Milton Friedman (1912–2006), recipient of the 1976 Nobel Memorial Prize for economic science, was a senior research fellow at the Hoover Institution from 1977 to 2006. He was also the Paul Snowden Russell Distinguished Service Professor Emeritus of Economics at the University of Chicago, where he taught from 1946 to 1976, and a member of the research staff of the National Bureau of Economic Research from 1937 to 1981.

He is widely regarded as the leader of the Chicago School of economics. Friedman wrote extensively on public policy, always with a primary emphasis on the preservation and extension of individual freedom. His most important books in this field are Capitalism and Freedom (1962); Bright Promises, Dismal Performance (1983); Free to Choose (1980, with Rose Friedman); and Tyranny of the Status Quo (1984, with Rose Friedman).
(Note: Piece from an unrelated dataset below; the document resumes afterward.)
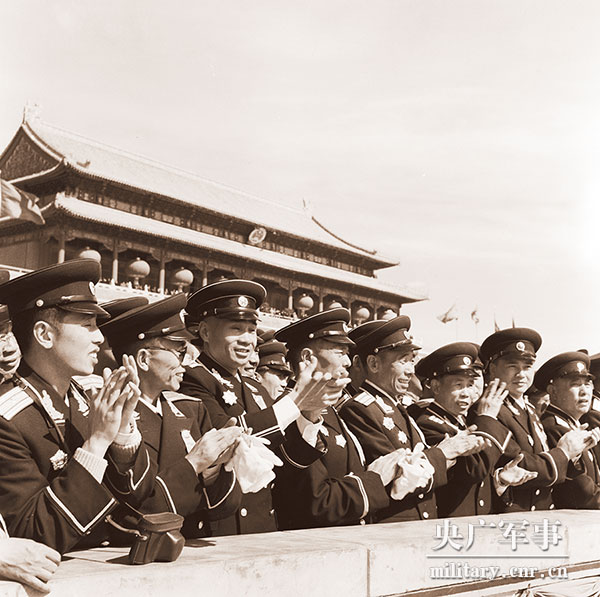 1957年国庆阅兵：我国制造的战斗机首次受阅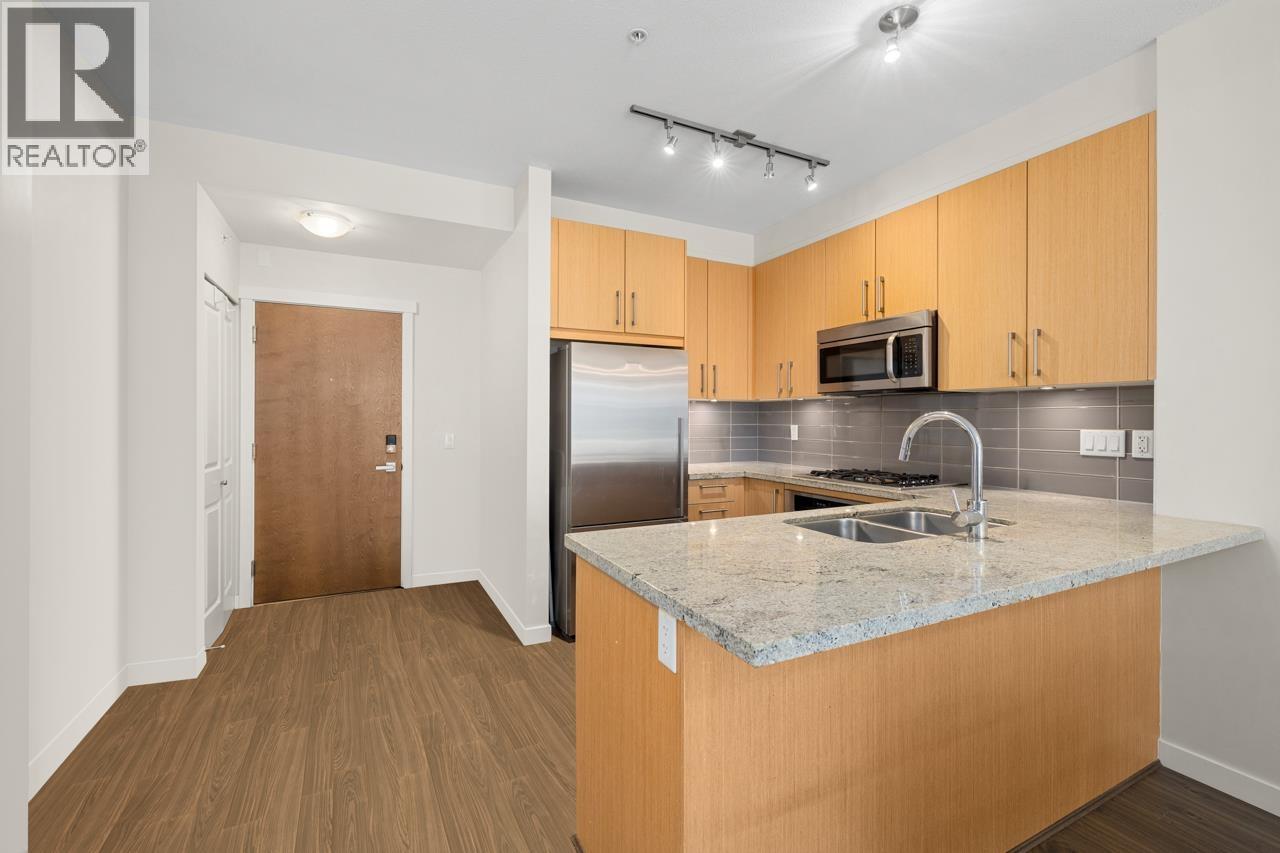 304 139 W 22nd Street, North Vancouver, British Columbia  V7M 0B5 - Photo 10 - R3075960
Friedman was active in public affairs, serving as an informal economic adviser to Senator Barry Goldwater in his unsuccessful presidential campaign in 1964; to Richard Nixon in his successful 1968 campaign and during his presidency; and to Ronald Reagan during and after his winning 1980 campaign, subsequently serving as a member of the President’s Economic Policy Advisory Board. He was awarded the Presidential Medal of Freedom in 1988 and received the National Medal of Science the same year. Friedman passed away on November 16, 2006.

More than 1,500 of Friedman’s articles and speeches are available through the Hoover Institution Library & Archives, online at miltonfriedman.hoover.org, and excerpted in Milton Friedman on Freedom (Hoover Institution Press, 2017).